Assignment »
Reproduce only the lines below from the line containing "11443 Stockwood Cove, San" to the line containing "Cuncyue Hot Spring", exactly as written, with both end lines kept. Omit the pictures.

--- Supplied material ---

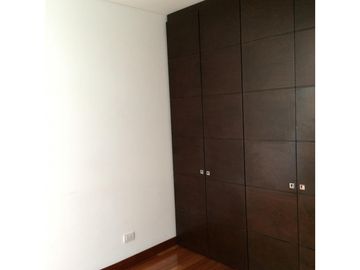 SE ARRIENDA APARTAMENTO EN EL REFUGIO 114m2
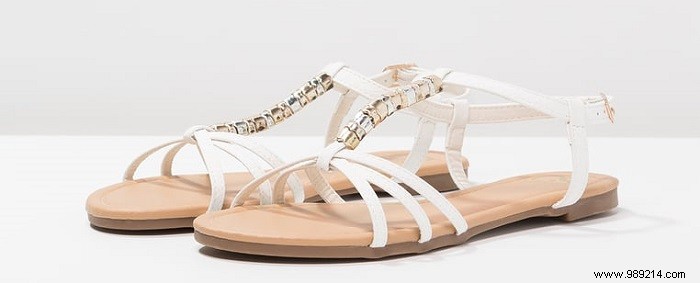 10 Stylish Spring-Proof Sandals to Elevate Your Wardrobe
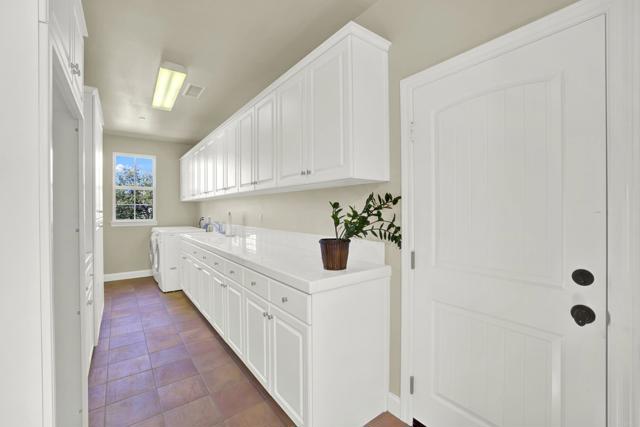 11443 Stockwood Cove, San Diego CA: https://media.crmls.org/mediaz/e8c9e02a-bb5b-4ed3-9163-a575a006b236.jpg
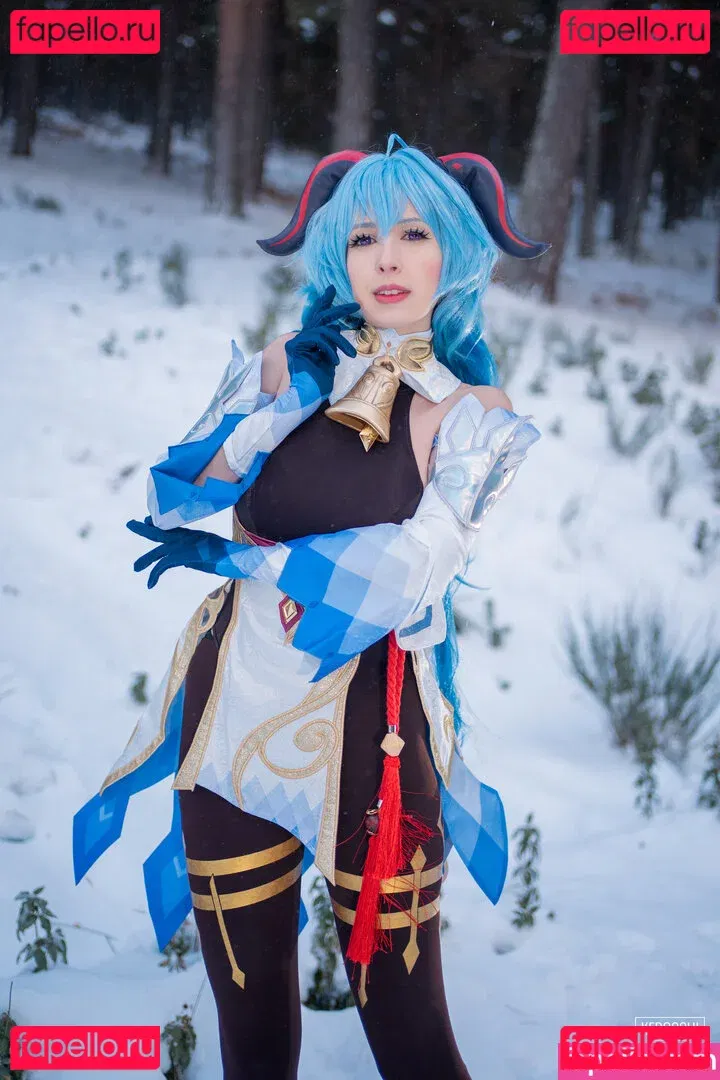 kira_cha Onlyfans Photo Gallery 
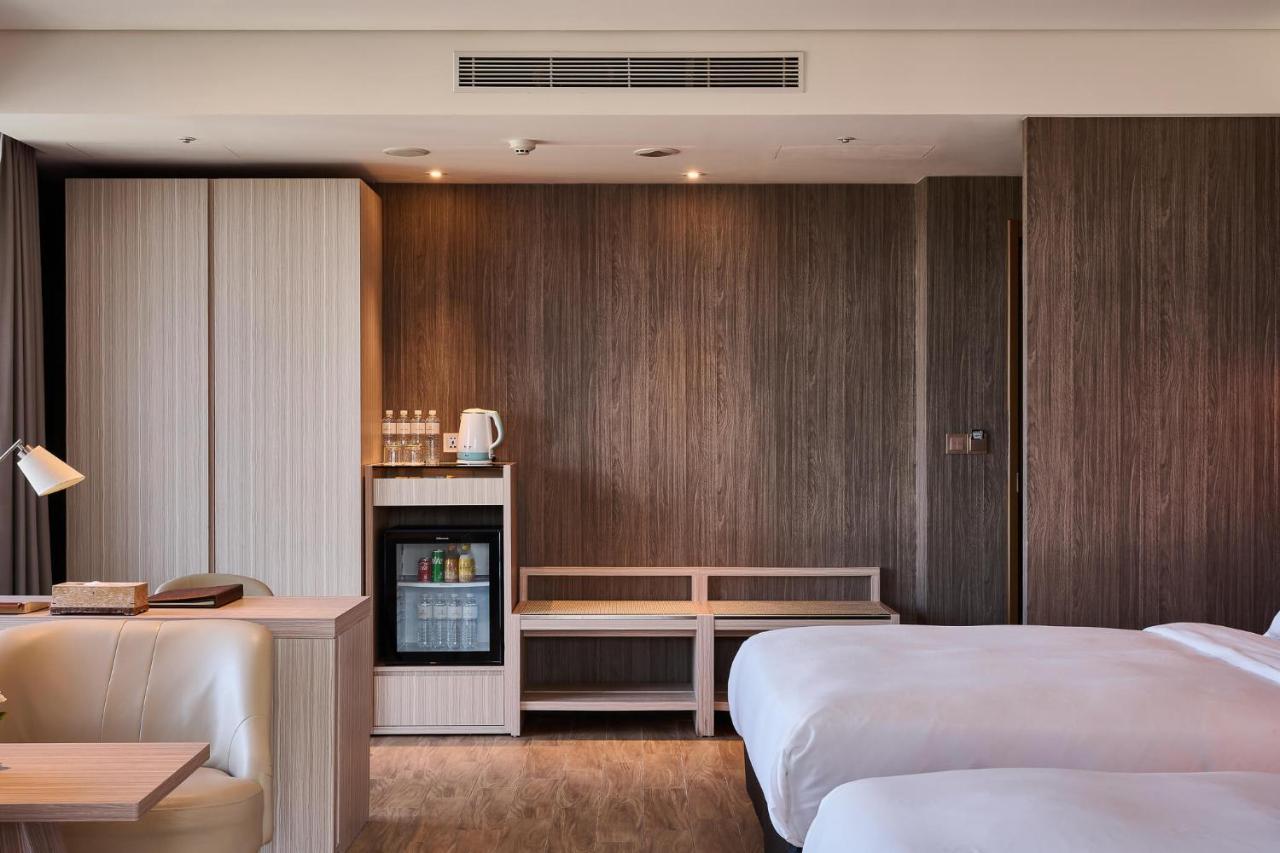 Cuncyue Hot Spring Resort Лодун Экстерьер фото A room at the hotel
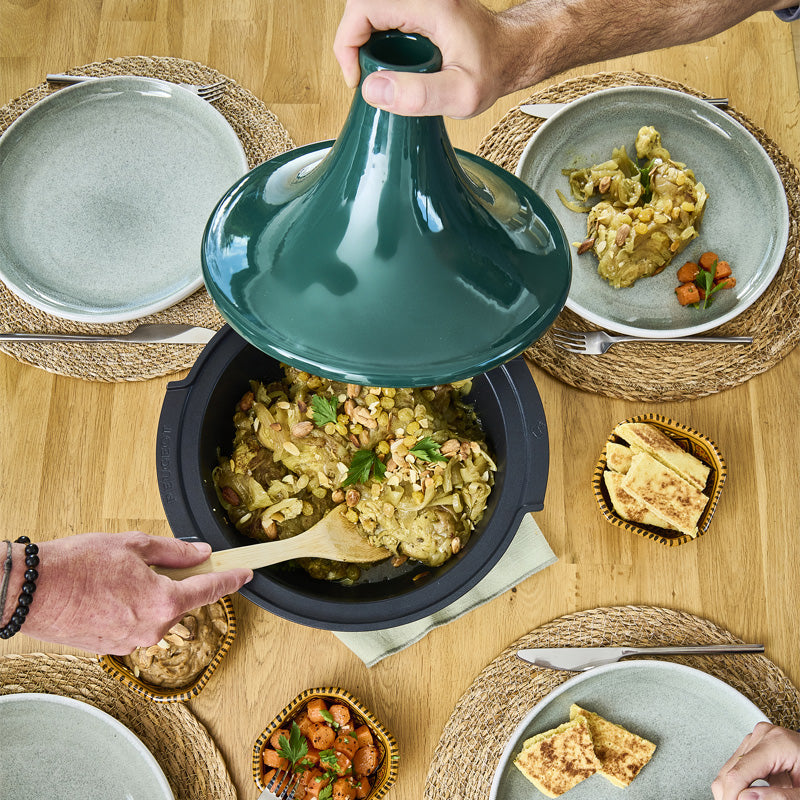 Peugeot-Tajine ATLAS , Grün, Keramik, Höhe 23 cm mit Deckel, Durchmesser von 30 cm. Stahlboden, Antihaftbeschichtung, PFAS-frei , Schale aus 100 % recyceltem Aluminium. Online-Shop Home-and-Kitchen.de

---

Written solution »
 11443 Stockwood Cove, San Diego CA: https://media.crmls.org/mediaz/e8c9e02a-bb5b-4ed3-9163-a575a006b236.jpg
 kira_cha Onlyfans Photo Gallery 
 Cuncyue Hot Spring Resort Лодун Экстерьер фото A room at the hotel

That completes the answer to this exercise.